Heaven forbid we let people know where their meat was raised. It’s not like any other foods have to do this.
Now, the important question to ask is this one: why would the meat industry want to do that?
The answer is what your take-away should be. That the industrial, conventional meat industry is trying to keep in you in the dark. They fight transparency at every turn because they know that the way they are producing meat products is dangerous and unsustainable. These groups that stand for industrial, conventionally grown animals raised for meat consumption know that if consumers really understand their clients’ practices, they’ll stop buying their products and never look back. And protecting their clients’ bottom line, not the consumers, is their priority.
And the proof is in the pudding because not all meat producers are against the COOL rule. For example, the National Farmers Union, which generally represents smaller local farmers and ranchers, openly supports COOL. In a statement, Chandler Goule of the NFU stated that “My local producers are proud of the products they produce…They want to be able to tell the consumer that this product is from the U.S. – it was raised here locally. So the consumer has information to make an informed decision when they’re in the grocery store.”
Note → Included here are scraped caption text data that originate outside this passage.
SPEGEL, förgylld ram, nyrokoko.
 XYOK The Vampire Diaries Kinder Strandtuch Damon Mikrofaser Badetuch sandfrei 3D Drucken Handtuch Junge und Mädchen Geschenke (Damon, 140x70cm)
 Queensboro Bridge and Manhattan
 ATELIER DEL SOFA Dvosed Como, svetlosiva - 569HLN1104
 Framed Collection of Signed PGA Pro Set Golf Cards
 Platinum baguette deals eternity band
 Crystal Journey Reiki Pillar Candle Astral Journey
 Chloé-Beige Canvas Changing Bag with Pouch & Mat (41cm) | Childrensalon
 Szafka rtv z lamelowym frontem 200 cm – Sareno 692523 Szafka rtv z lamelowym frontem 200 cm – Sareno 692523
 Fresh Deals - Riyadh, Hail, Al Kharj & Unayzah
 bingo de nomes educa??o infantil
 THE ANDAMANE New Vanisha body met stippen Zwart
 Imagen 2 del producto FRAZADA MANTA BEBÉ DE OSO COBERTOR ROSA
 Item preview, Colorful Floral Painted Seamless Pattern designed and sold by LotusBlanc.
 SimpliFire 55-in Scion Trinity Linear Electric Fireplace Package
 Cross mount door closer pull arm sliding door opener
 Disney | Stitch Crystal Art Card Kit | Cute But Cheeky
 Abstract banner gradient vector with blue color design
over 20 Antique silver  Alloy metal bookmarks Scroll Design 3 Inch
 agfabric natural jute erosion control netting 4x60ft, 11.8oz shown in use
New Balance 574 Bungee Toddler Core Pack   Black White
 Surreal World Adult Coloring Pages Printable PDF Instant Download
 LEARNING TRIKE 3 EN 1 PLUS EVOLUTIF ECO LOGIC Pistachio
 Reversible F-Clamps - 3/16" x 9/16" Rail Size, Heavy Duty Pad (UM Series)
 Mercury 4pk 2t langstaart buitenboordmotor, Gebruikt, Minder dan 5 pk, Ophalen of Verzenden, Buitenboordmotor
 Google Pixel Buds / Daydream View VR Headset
On the other hand, the meat industry challenging the rule, including major players supporting obfuscation such as American Meat Institute, National Cattlemen’s Beef Association, and National Pork Producers Council, and North American Meat Association, stated that “Sorting and tracking livestock and labeling meat by the various ‘routes’ that livestock may take on the way to market is needlessly complex with no measurable benefits…”
The Court put it mildly when it said “it seems reasonable for Congress to anticipate that many consumers may prefer food that had been continuously under a particular government’s direct scrutiny.” It certainly does, and this Court took a major step toward allowing consumers to make informed choices.